Let’s Talk About Money

Posted by Heliocentrism on May 10, 2018

Tuesday, October 31st – November 1st, 2017

When we got to the train station at Venice, we checked google maps to see our options for getting to our accommodations. They were a 1 hour walk or a 15 minute boat ride. We looked to see the cost of the 15-minute boat ride. It was 8€ per person, so 16€ for the both of us. It only cost us 20€ (about 10€ each) to get to Venice from Bologna, a ride that took about 2 hours. We walked.

As we were walking, we saw a sign explaining the prices for gondola rides. It cost 80€ for a 1 hour ride which could be split between up to 6 people. The ride would cost 100€ if you wanted the gondolier to sing. I told Mark that we were probably the only tourists in Venice who would never set foot on any type of boat.

Mark and I aren’t rich people. We’re far from poor, but we aren’t rich. We don’t actually have a budget. But we do have a good sense of what we are willing to buy and how much we are willing to pay for it.

Even before this trip, we refused to pay for things that weren’t important to us. For example, we had pay-as-you-go phones. Neither Mark or I are phone people. I feel more comfortable communicating by text or email. But, because we had jobs, we needed phones. For the longest time we actually shared a phone, buying a second phone only when that became too inconvenient.

Our pre-paid phones were used mainly for people (our bosses) to call us. We would go months without putting money on the phone since incoming calls are free. We would only add minutes to our phones if we were planning to call several people for some reason. And, even then either Mark’s phone had minutes or mine did; never both.

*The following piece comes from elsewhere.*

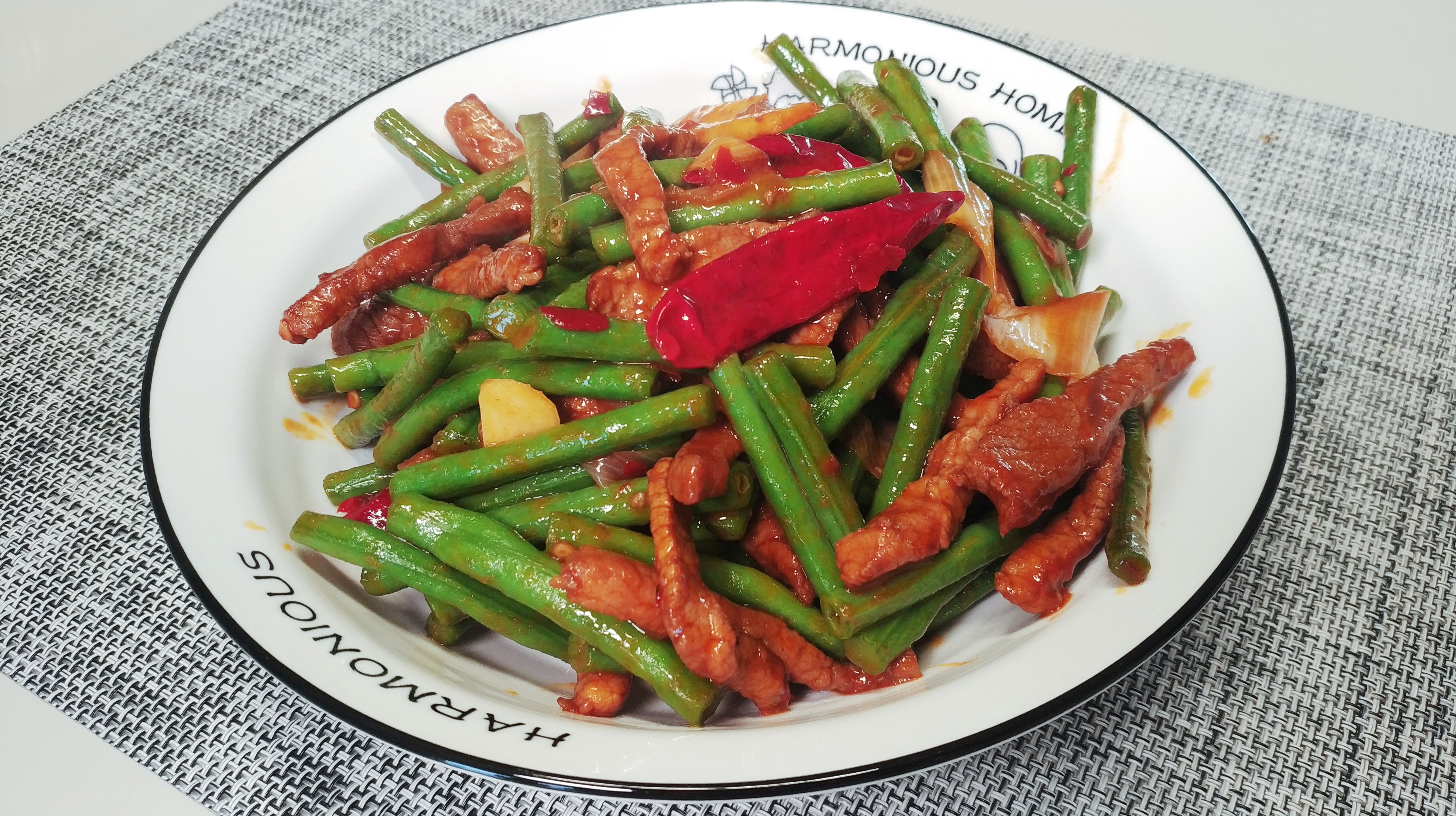 豆角炒肉这样做比饭店好吃,学会这一招,保证你会爱上它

On the other hand, we had the fastest internet we could find. To us the internet is very important. If the car needed a new widget for safety reasons, we would get the best widget. We’re not cheap, we just don’t like needlessly wasting money on things that we don’t care about.

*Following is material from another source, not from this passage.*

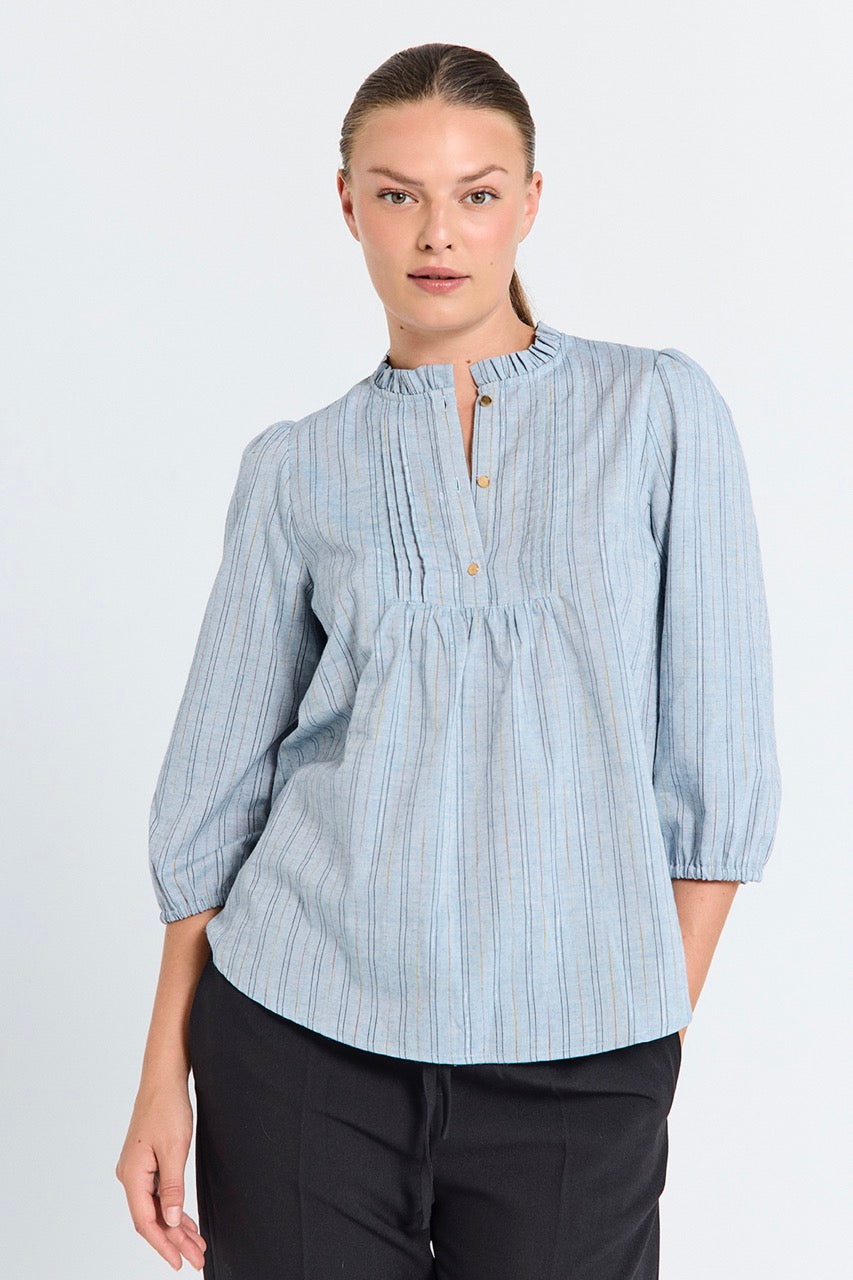 let blå bluse med diskrete striber. Freequent FQNALEEN-BLOUSE Vintage Indigo Melange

Gummies are very important to me.

What we do on this trip depends on the balance of cost and convenience on one side and how important the thing is to us on the other. It was important for us to see the Leaning Tower of Pisa, so we went there. When we got there, there was a long line for the 18€ tickets to climb the steps to the top. Since we could see the tower for free, we stopped at that. The long line, the climb to the top, the high cost of tickets… none of that seemed worth it to us.

Many tourists might refuse to eat pizza at kebab shops in Italy. They might feel it’s not authentic enough. I don’t think that’s quite true. The pizza is authentic enough for the many Italians who eat there… Also, “authentic” restaurants that cater to travelers are a rip off. You can end up paying a lot in seating fees, service fees, and inflated prices for drinks and in the end your meal is not that much better than the food you get at a kebab shop.

Of course, Mark and I try out some of the nicer restaurants. But we do our research first. We find places without all the extra fees. Then we only eat in these types of places once in a while. We mostly try to cook at the apartment we’ve rented, buy from sandwich or kebab shops, or buy ready to eat meals from grocery stores. No, it’s not glamorous, but I do get tired of eating in restaurants and being taken advantaged of by people who prey on naive tourists.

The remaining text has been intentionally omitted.